Dans l’ensemble, nous n’observons pas de différence significative de satisfaction dans l’emploi entre les hommes et les femmes (elle s’établit en moyenne de 7,31 sur une échelle de 0 à 10, entre 2010 et 2014). Les personnes ayant atteint un haut niveau d’éducation (premier ou deuxième cycle de l’enseignement supérieur) ont généralement un emploi leur procurant plus de satisfaction que les personnes ayant validé au mieux un diplôme d’éducation secondaire (7,33 contre 7,29).
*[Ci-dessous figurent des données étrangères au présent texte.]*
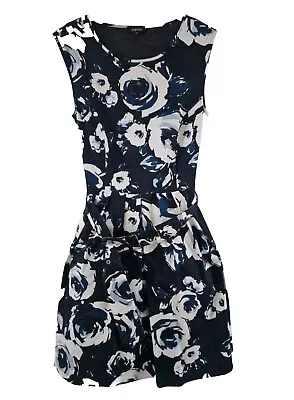 Ladies Matalan Blue Floral Dress With Belt Size 10 Excellent Condition • £8.50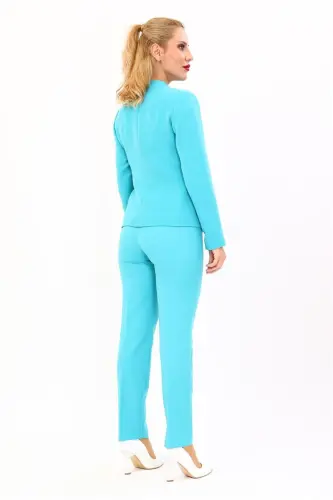 Single Button Classic Jacket & Slim Fit Pants-Turquoise-Turquoise - 4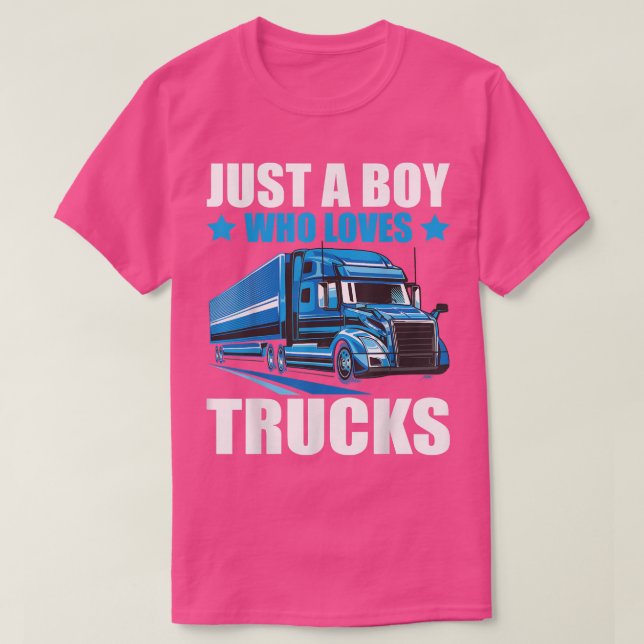 Nur ein Junge, der LKWs Semi Trucks Liebe Lover Ki T-Shirt (Design vorne)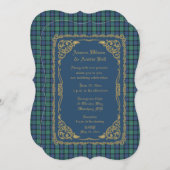 Invitation Fleur écossaise Tartan Plaid Mariage (Devant / Derrière)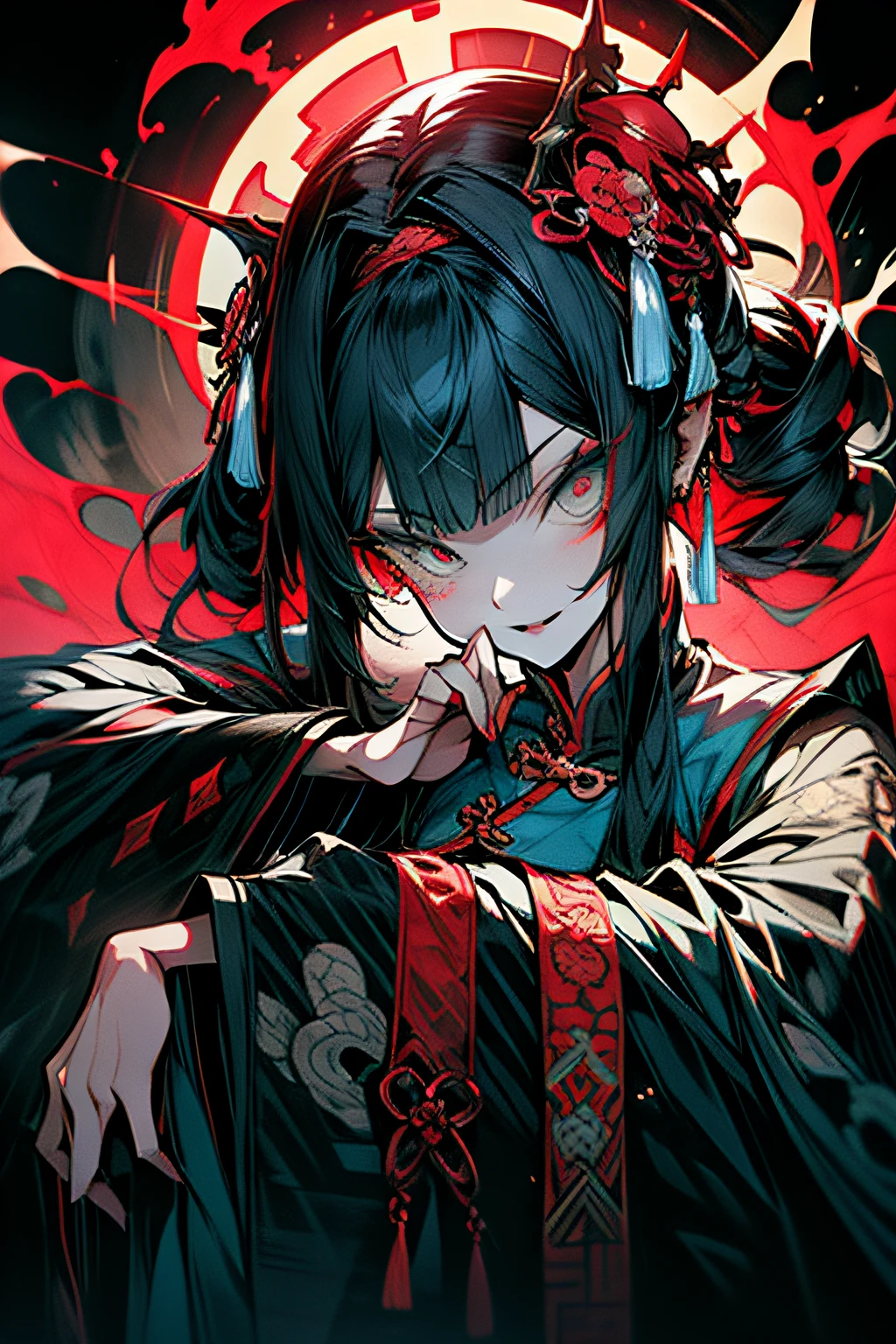 Chinese Gothic Punk、JIANGSHI style,Daughter of the Chinese emperor、Overwhelming intimidation、Emitting majesty from the whole body、Put your hands in your sleeves,(Comic Noir Style),(linear art_Anime),(solid color_highcontrast),(masutepiece, Best Quality, ),(Laura Bad Picture:1.2),(Lora Add Details:1.2),8K, Flat color:1.2,1girl in,JIANGSHI QUEEN SITTING ON A CRIMSON THRONE WEARING A HEAVY CLOAK,JIANGSHI,BEAUTY JIANGSHI、Very long hair、Chinese Opera style makeup,Luxurious costume with beautiful embroidery_Dragon and phoenix embroidery:1.2,(lora:add more detail:1.2)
Néanmoins, ce résultat masque une autre différence: les hommes ayant atteint le secondaire ou le supérieur sont plus satisfaits de leur emploi que les femmes de même niveau d’éducation ; tandis qu’à l’inverse, les hommes ayant le plus bas niveau d’éducation (niveau primaire ou pré-primaire) sont moins satisfaits que les femmes de niveau d’éducation équivalent. Cet effet est stable quels que soient l’âge, le niveau de vie, l’occupation du conjoint, le type de contrat de travail, le secteur d’activité ou la catégorie socioprofessionnelle.
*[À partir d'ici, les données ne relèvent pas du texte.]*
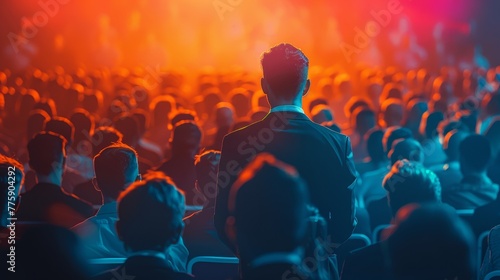 A man stands in front of a crowd of people, looking at the camera. Concept of anticipation and excitement, as the man is about to deliver an important message or announcement to the audience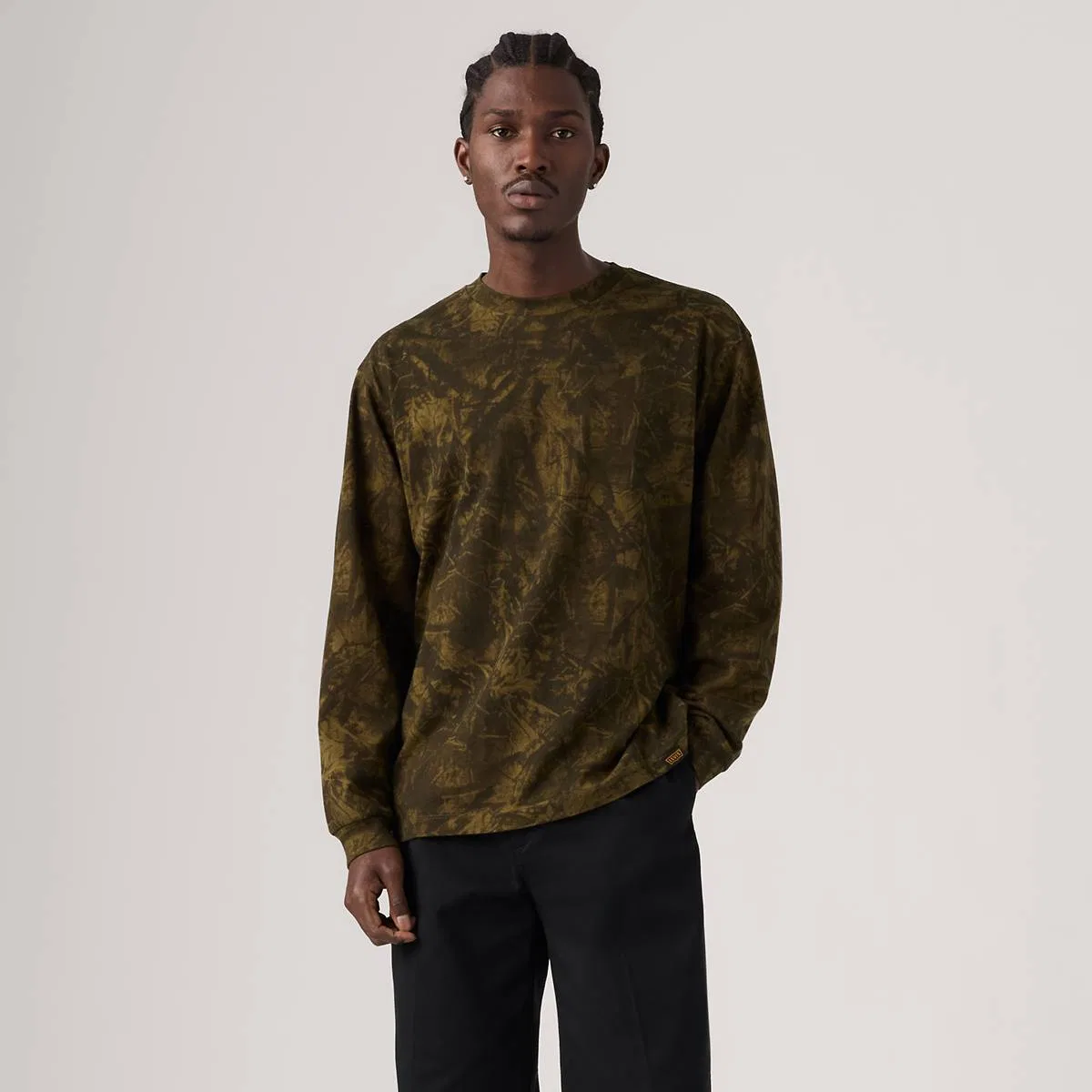 Рабочая футболка с длинными рукавами Levi's, Raleigh Camo Dark Olive - Green — фото 3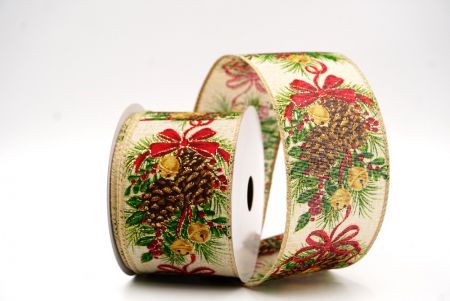 Hellbraune Feiertags-Tannenzapfen & Rote Schleifen-Girlande Drahtband_KF9473GC-13-183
La fonction publique fournit des métiers encore satisfaisants. En dehors des métiers de direction dans le privé, où la moyenne de satisfaction dans l’emploi est particulièrement haute (7,9 sur 10), la fonction publique présente les métiers les plus satisfaisants pour ses travailleurs, pour tous les niveaux de sa hiérarchie. Les fonctionnaires de catégorie A (nécessitant au moins un niveau de Licence) et de catégorie B (nécessitant au moins un niveau Bac) ont une satisfaction d’environ 7,6, tandis que les fonctionnaires de catégorie C (nécessitant un niveau type BEP/CAP) ont une satisfaction de 7,4, au même niveau que les ingénieurs/cadres (principalement Bac+5) des secteurs privés. Tous les autres métiers sont en retrait, en particulier les manœuvres et ouvriers spécialisés (7 sur 10).
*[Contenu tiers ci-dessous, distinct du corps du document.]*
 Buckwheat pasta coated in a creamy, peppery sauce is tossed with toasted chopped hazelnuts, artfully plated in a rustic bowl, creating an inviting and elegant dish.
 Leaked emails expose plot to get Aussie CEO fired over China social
En France, les travailleurs de la restauration et l’hôtellerie en grande difficulté. Les personnes travaillant dans ce secteur d’activité sont les moins satisfaites de leur emploi, avec une satisfaction moyenne de 6,91 (sur une échelle de 0 à 10, entre 2010 et 2014). Les travailleurs du secteur industriel subissent aussi fortement, avec une satisfaction moyenne de 7,09. Dans les secteurs d’activité fortement dépendants de la demande publique (administration publique, éducation, santé et action sociale), la satisfaction des travailleurs est plus élevée (environ 7,5), bien que ne devançant que de peu les autres secteurs (et indépendamment des évolutions récentes dans ces secteurs).
Les femmes avec enfant(s) travaillent de plus en plus, et la conciliation travail-famille se détériore. Depuis 2005, le nombre d’heures consacrées au travail augmente régulièrement chez les femmes en couple avec enfant(s), atteignant la durée hebdomadaire effective de travail observée chez les femmes en couple sans enfant (35 heures par semaine, en incluant les heures supplémentaires, rémunérées ou non, cf. graphique ci-dessous). Sur la même période, les hommes en couple avec enfants n’ont pas réduit leur temps de travail (42 heures effectives par semaine). Sur l’ensemble de la population active occupée, la durée hebdomadaire effective de travail sur la période 2005-2014 est de 37,9 heures, soit le chiffre également constaté dans l’Enquête Emploi de l’INSEE sur la même période.
Mais en parallèle à cet accroissement du nombre d’heures travaillées, on observe un affaissement de la qualité de l’équilibre famille-travail. Celui-ci, déjà faible chez les personnes en couples avec enfant(s) par rapport aux personnes en couples sans enfant, se détériore entre 2008 et 2014, autant chez les hommes que chez les femmes (cf. graphique ci-dessous à droite), et quelque soit le niveau d’âge.